Monday 28 September 2015

Great Central Road part 1

The Great Central Road (GCR) is a stretch of approximately 1,200km of dirt road that spans from Yulara, Northern Territory right through to Laverton, Western Australia. The road runs through Indigenous communities and reserves and because of this you must obtain a permit to travel this route. You need two permits, one for Northern Territory land and one for Western Australia.  Permits available online (current in September 2015) from the WA Department of Aboriginal Affairs and Northern Territory CLC 

We left Yulara mid morning after a pack up in the warm sun. As we were driving past Uluru to go out  to start the GCR Matilda requested one last drive around the base of the rock. So we put on John Williamson 'Raining on the rock' as our sound track, and we did a lap, each of us staring out the windows at the enormous landmark and each of us contemplating that we would in fact be back here sooner rather than later. 

As we pulled onto the road to take us out to kata Juta and the start of the GCR we saw the most massive eagle who stared at us and then took flight. Watching him soar high in the sky and into the distance was a memorable and a slightly emotional moment as we pulled away from Uluru and headed to Kata Juta, which is Indigenous for 'Many Heads'. It is a rock formation that is made up of several large structures that do indeed look like 'heads'. 

The walk to the Kata Juta lookout was easily accessable as it has been made into a board walk. Nevertheless I still had my hiking boots on! 

The little flowers that made a carpet, at kata Juta

We then turned west and onto the Great Central Road

As we turned west at Kata Juta and onto the dirt road I felt a little uneasy. Almost like we 'shouldn't' be on this road. We stopped to let the air down in the tyres and I jumped in the drivers seat to do the first leg of the trip.

The first part of the road

Bored selfies as craig sorts the tyres

And off we went. We hoped to make it to Giles Weather station as our first over nighter as some fellow campers had said they had camped here the night. 

The first 50 or so kilometres were lovely. Well as lovely as a dirt road can be. I sat on about 80km and we wondered what all the fuss had been about the rough road conditions. Then up ahead we saw a grader. 

Once we passed the freshly graded road and onto the un graded road it started to get rough. Like really rough. I slowed down somewhat and had to keep two hands on the steering wheel, making it hard to get a drink! 

Our first stop on the road was to see Lasseters Cave. In the 1930's Lewis Lasseter headed out this way in search of an illusive 'Gold Reef'. He had first discovered this reef when he was 17 years old and he made the trek back out here several years later to find it again. Unfortunately for him, his camels (with all his tools and supplies) ran away from him. Starving hungry he made his way to this cave and sheltered from the hot sun for 25 days. His diary was found in the cave several years later with a quote saying 'what good is a gold reef I would trade all the gold in the world for a loaf of bread'.

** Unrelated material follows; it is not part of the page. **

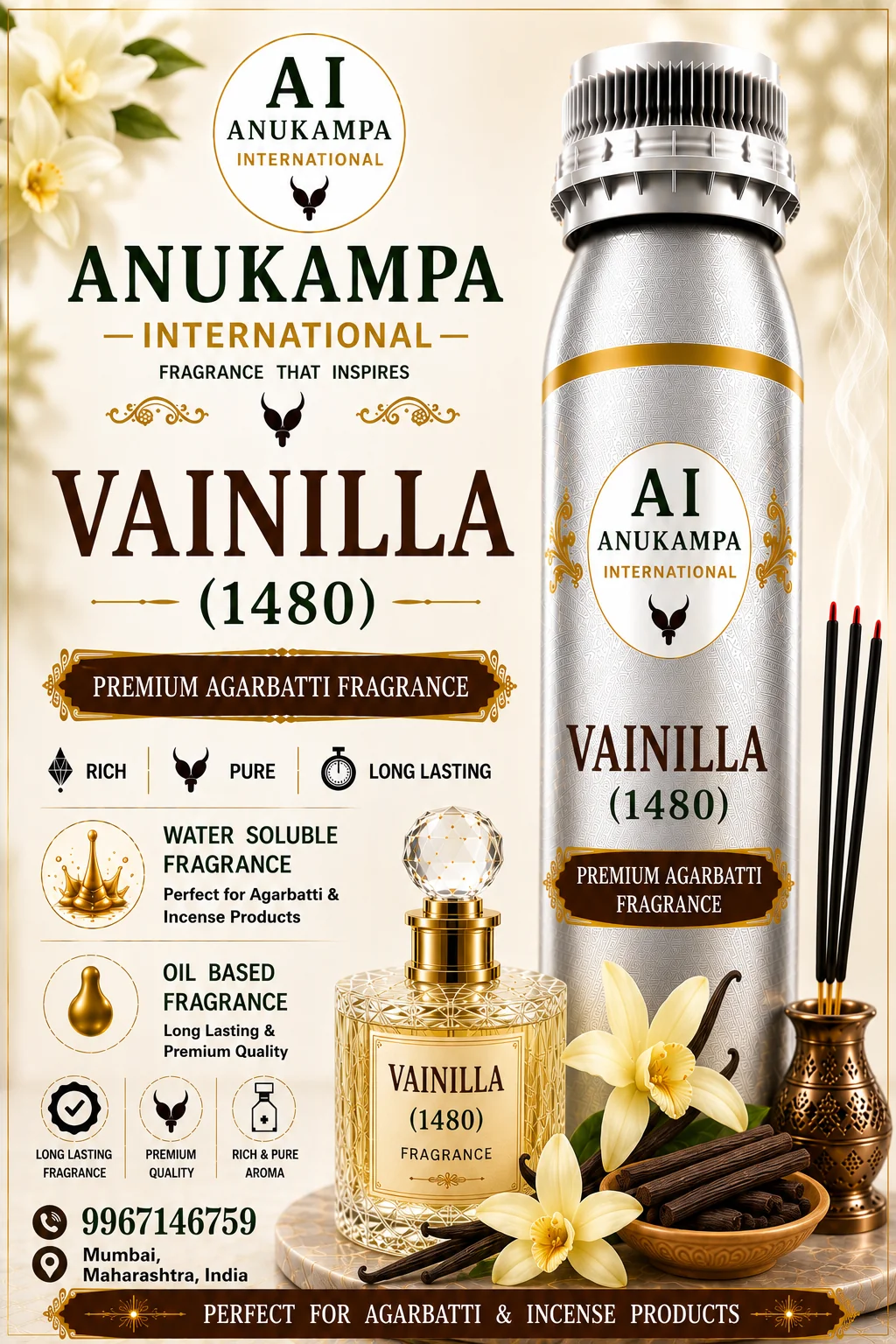 Vainilla 1480 — Incense & Agarbatti Fragrances fragrance oil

This was the view from the opening of the cave, I took this pic to remind myself that this would have been Lasseters view for 25 days while he sheltered and waited to see his fate. 

Little miss with a screwed up face. At Lasseters cave walk.

 From the cave we drove into Docker River, an Indigenous Community, to fuel up. I would have taken photos but there are signs everywhere requesting no photos be made. So I will have to use words to describe it and you can choose to believe me or not. 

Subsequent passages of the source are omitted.